9.ª Em conclusão, à luz do quadro legal vigente, não restam dúvidas de que a Recorrente não é parte legítima na presente acção, não podendo ser, de modo algum, responsabilizada e/ou condenada a qualquer pagamento peticionado pelo Autor.
10.ª Assim, a aqui recorrente não pode estar de acordo com o douto tribunal, sendo inquestionável que o tribunal interpretou e aplicou de forma errónea e contra legem as normas que fundamentam a sua decisão nos presentes autos.
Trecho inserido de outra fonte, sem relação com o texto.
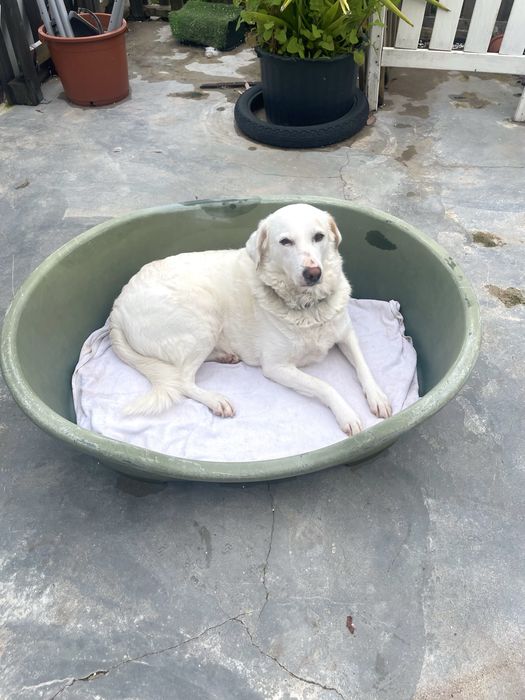 Cama para cão porte medio grande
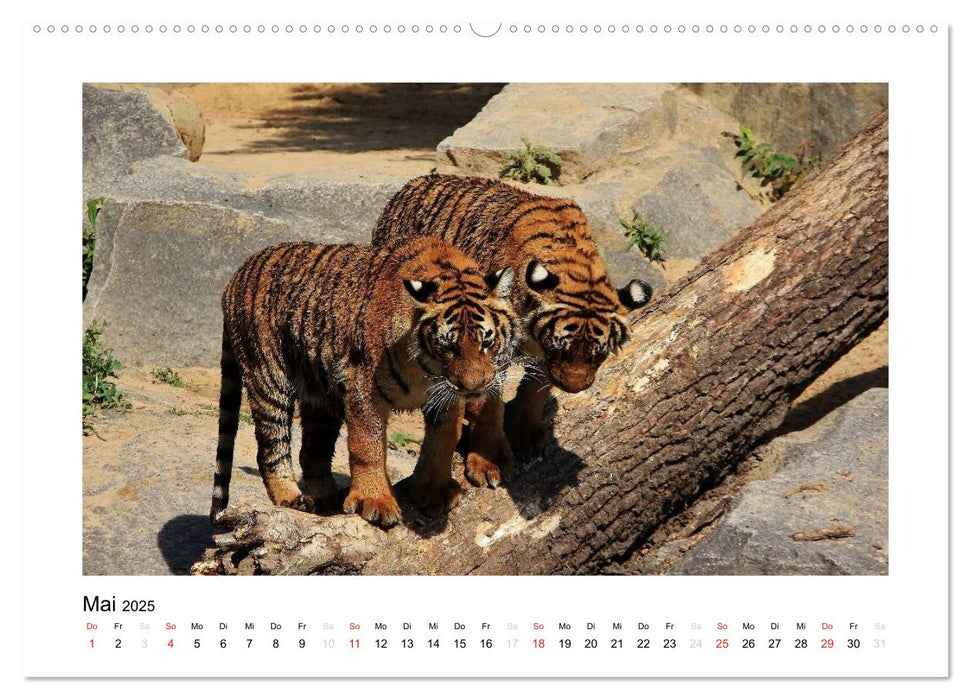 Tiger 2025 (CALVENDO Premium Wandkalender 2025)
Nestes termos, e nos demais de Direito que Vossas Excelências não deixarão de doutamente suprir, deverá ser concedido provimento ao presente recurso e, em consequência, ser a sentença ora proferida revogada, e em consequência, ser a Ré/Recorrente N... absolvida in totum do pedido formulado pelo A., Tudo, como é de Direito e de SÃ JUSTIÇA!”.
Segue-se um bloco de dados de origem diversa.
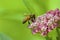 Honey Bee on Swamp Milkweed   815699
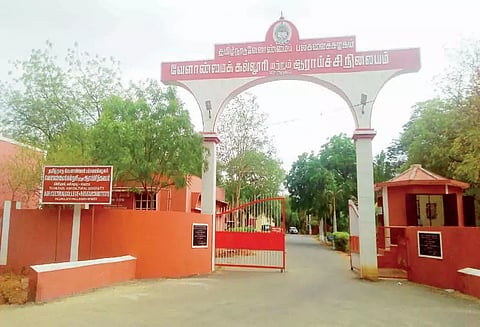 விவசாயிகள் ஆலோசனை அடிப்படையில் விற்பனை முடிவுகளை எடுக்க வேண்டும்-வேளாண்மை பல்கலைகழகம் பரிந்துரை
9. – O autor contra-alegou, concluindo:
A interpretação dos artigos 334.º do C.T. e 481.º, n.º 2 do C.S.C. no sentido de excluir a responsabilidade solidária da Recorrente, com diminuição das garantias do Recorrido, pelo simples facto de aquela, enquanto sociedade dominante da entidade patronal do Recorrido, ter sede noutro Estado-Membro, por comparação a uma sociedade, com sede em Portugal, que exerce o controlo e que é responsável com o empregador pelos créditos dos trabalhadores emergentes de contrato de trabalho, ou da sua violação ou cessação, vencidos há mais de três meses, nos termos do art. 334.º do C.T. estabeleceria uma diferenciação entre as sociedades que seria violadora do princípio da igualdade, sem fundamento material bastante, não só violando o princípio da igualdade previsto no art. 13.º da CRP, como também o princípio da não discriminação em razão da nacionalidade, constante do art. 18.º do TFUE. Termos em que, face ao exposto, deve ser negado provimento ao recurso, devendo, por isso, manter-se na íntegra a douta sentença posta em crise, por não lhe dever ser feito qualquer reparo, COMO É DE JUSTIÇA!”.
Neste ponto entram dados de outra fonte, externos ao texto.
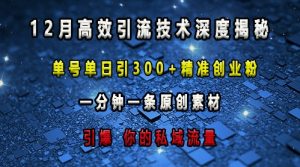 最新高效引流技术深度揭秘 ，单号单日引300+精准创业粉，一分钟一条原创素材，引爆你的私域流量-网创电课网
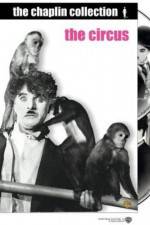 Watch The Circus Moviesjoy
10. - O M. Público, junto deste Tribunal, não emitiu parecer nos termos que antecedem.
11. - Corridos os vistos legais, cumpre apreciar e decidir.

II. - Fundamentação de facto
1. - Na 1.ª instância foi proferida decisão sobre a matéria de facto que aqui damos por reproduzida, por não impugnada e atento o particular objecto do recurso.

III. – Fundamentação de direito
1. - Atento o disposto nos artigos 635.º, n.º 4 e 639.º, n.ºs 1 e 2, ambos do Código de Processo Civil (CPC), aplicáveis por força do artigo 1.º, n.º 2, alínea a) e artigo 87.º do Código de Processo do Trabalho (CPT), e salvo questões de conhecimento oficioso, o objecto do recurso está delimitado pelas conclusões dos recorrentes, supra transcritas.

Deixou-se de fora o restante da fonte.